Regardless of how some define "the theory of evolution," it is a belief that somehow living matter first made the transition from inanimate matter into living matter by an unknown process, then began its ever upward progress from the simple to the complex to a first species and then evolved into the millions and millions of plant and animal species.
Nope. That's not the theory of evolution at all.
A lot of people who have never studied evolution do believe this is what evolution is about. But when you take time to study evolution, you soon find out that most of the stuff you outlined in that paragraph is not what biologists mean by evolution or by the theory of evolution.
1. The theory of evolution does not cover the transition (if there was one) from inanimate matter to living species. It doesn't matter how many uninformed people believe it does. It just does not and that's that.

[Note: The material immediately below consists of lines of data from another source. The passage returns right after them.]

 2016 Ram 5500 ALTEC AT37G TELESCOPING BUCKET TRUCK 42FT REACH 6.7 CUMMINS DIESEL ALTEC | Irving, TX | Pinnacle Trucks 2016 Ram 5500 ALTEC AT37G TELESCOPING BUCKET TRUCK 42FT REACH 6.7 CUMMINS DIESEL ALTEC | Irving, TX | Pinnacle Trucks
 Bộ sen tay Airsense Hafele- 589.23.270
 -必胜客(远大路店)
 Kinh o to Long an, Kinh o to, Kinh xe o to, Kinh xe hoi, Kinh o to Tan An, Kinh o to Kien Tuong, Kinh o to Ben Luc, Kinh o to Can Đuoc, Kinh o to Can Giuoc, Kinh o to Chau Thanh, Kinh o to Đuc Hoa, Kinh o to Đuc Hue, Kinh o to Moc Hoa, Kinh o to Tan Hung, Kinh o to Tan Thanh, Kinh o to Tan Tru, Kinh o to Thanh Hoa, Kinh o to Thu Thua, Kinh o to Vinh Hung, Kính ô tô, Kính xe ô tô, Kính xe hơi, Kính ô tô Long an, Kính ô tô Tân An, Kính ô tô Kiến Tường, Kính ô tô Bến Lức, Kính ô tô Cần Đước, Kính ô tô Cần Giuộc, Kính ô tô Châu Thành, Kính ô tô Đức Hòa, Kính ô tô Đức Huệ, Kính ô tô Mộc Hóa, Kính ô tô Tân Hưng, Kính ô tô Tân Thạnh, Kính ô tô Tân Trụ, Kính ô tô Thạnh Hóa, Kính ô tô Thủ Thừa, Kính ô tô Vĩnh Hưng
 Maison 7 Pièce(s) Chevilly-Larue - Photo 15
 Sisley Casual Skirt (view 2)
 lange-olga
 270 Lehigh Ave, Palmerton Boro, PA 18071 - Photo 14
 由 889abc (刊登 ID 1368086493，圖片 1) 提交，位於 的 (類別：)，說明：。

2. There is no such thing as "evolving upward."
So, again, your objection to evolution is really about things that have nothing to do with evolution.
Most evolutionists do not believe God was involved in any part of the evolutionary theory. Some Christians like to believe God was.
And the theory of evolution says nothing one way or the other about this, as this is not something one can examine or test in a scientific way. So one can be an atheist and a biologist who studies evolution or a theist (of any faith, including Christian) and a biologist who studies evolution. And of course as a non-scientist one can learn about evolution and agree with it as a scientific thesis and be an atheist, agnostic, or believer of any faith whatsoever.
Some may not understand what the Bible means when it reveals that all living things were created "after their own kind," but it simply means that God created plants and animals fully formed so that they could reproduce after their own kind.
How do you know that it means living things were created "fully formed"? St.Augustine (who was certainly not influenced by Darwin) thought that all of creation was made as "seeds" which became fully formed over time.
Can plants and animals better adapt over time to their living conditions?
Not without a process of evolution, they can't. It takes evolution (specifically natural selection) to produce adaptations.
Yes they can, but they still remain within their created species.
That is what the theory of evolution says too.
The theory of evolution has never shown/proven in a laboratory how life does change from the spark of life to cells to the first living creature, and then from one species to another to another.
Of course not, if you mean the origin of life from non-living matter. The theory of evolution doesn't cover that.
What do you mean by "spark of life"?
Cells ARE the first living creatures.
Speciation has been observed, but it is probably not the same thing as you mean by "one species to another to another". That is probably something that would not happen according to the theory of evolution.
This part of the ToE is not true science,
That is why it is not part of the theory of evolution.
and does not agree with the fossil records that show fully formed creatures first show up in the Cambrian period some 500+ million years ago.
Actually, the first fully-formed creatures show up in the fossil record 3800 million years ago.
Do fossils of juveniles count as "fully formed"?
What is the definition of "fully formed"? What would you expect something that is not "fully formed" to look like?
The theory of evolution requires that all species be capable of surviving and reproducing. I expect that means the theory of evolution requires that all species be "fully formed" during the time of their existence.
The ToE nievely declares that a few species survived each extinction period, then rapidly evolved. This too is not true science.
What is naive about it? Why is it not true science?